All Sünd’ hast du getragen/ sonst müssten wir verzagen“, heißt es im Bach-Choral „O Lamm Gottes, unschuldig“, der auf der theologischen Vorstellung beruht, dass der Kreuzestod Jesu ein freiwilliges Opfer war, um Gott mit der sündigen Menschheit zu versöhnen. Ganz in dieser Tradition steht auch ein Gemälde von Leonardo da Vinci, das bereits zur Zeit seiner Entstehung für Aufsehen sorgte. „Als der Entwurf fertig war, sah man zwei Tage lang Jung und Alt, Männer und Frauen, wie zu einer großen Festlichkeit nach dem Zimmer pilgern, wo Leonardos Wunderwerk ausgestellt war“, überliefert sein jüngerer Kollege Giorgio Vasari.

Das von den Florentinern so gefeierte Meisterwerk zeigt uns zwei weibliche Gestalten, die liebevoll auf einen Knaben blicken. Es handelt sich dabei um eine Darstellung der „Anna selbdritt“, ein seit dem Mittelalter beliebtes Motiv, welches die christliche „Übermutter“ gemeinsam mit ihrer Tochter Maria und ihrem Enkelkind vor Augen führt.

Leonardo hat das Geschehen in eine einsame Landschaft verlegt, mit heroischen Bergen und einem Baum im Hintergrund. Doch die Idylle trügt. Denn der Knabe, der sich anschickt, auf ein Lämmchen zu steigen, ist selbst das unschuldige Opfertier, das sich für die Menschheit hingeben wird. Maria scheint dies zu spüren und ihr Kind von seinem Schicksal abhalten zu wollen. Nur Anna, die kaum älter als ihre Tochter dargestellt ist, verfolgt das Geschehen mit einer gewissen Abgeklärtheit.

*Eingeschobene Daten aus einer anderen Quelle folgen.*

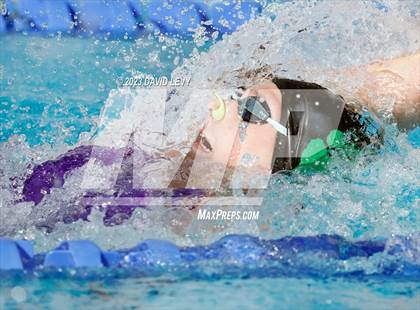 Thumbnail 1 in AIA D1 Swim Finals photogallery.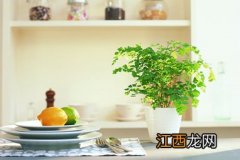 助于孕妈咪恢复的豆类食物产后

Leonardo hat das Gemälde, das heute im Pariser Louvre zu bewundern ist, bis zu seinem Tod nicht aus der Hand gegeben. Und er hat es auch nie vollendet – zu erkennen etwa am blauen Mantel von Maria, die seltsam über dem Schoß ihrer Mutter zu schweben scheint.

Vaterlose Kindheit

Laut Sigmund Freud spiegelt sich in dieser Szene Leonardos vaterlose Kindheit als unehelicher Sohn eines Notars wider, der anfangs von seiner Mutter, einer einfachen Magd, und später von der jungen Frau seines Großvaters aufgezogen wurde. Die „Überzärtlichkeit“ der beiden habe zu einer erotischen Bindung des Knaben an die Mutter und letztlich zu Leonardos Homosexualität geführt, was dieser durch „Überproduktivität sublimiert“ habe.
Was damit gemeint sein könnte, verdeutlichen zwei Maltechniken, die der Künstler bei seiner „Anna selbdritt“ erprobte: das „Sfumato“, eine Art milchige Unschärfe von entfernteren Gegenständen, und das „Chiaroscuro“, das den Gestalten mittels Hell-Dunkel-Kontrasten mehr Räumlichkeit und Dramatik verleiht. Beide Prinzipien haben die Malerei ebenso verändert wie das Geschehen von Golgota die abendländische Geschichte.

Dass es sich beim Kreuzestod Jesu um ein Sühneopfer handelte, wird heute übrigens vielfach bezweifelt. Der bedeutende Theologe Eugen Biser meinte in diesem Sinn: „Ein Gott der bedingungslosen Liebe wird durch Opfer nicht versöhnt, ganz davon zu schweigen, dass er gar keine Opfer will.“

„Das Lamm Gottes, das die Sünde der Welt hinwegnimmt“ (Johannes 1,29) wird also auch weiterhin die Geister beschäftigen. Nicht nur jene, die sich heute einen „persönlichen Feiertag“ nehmen mussten.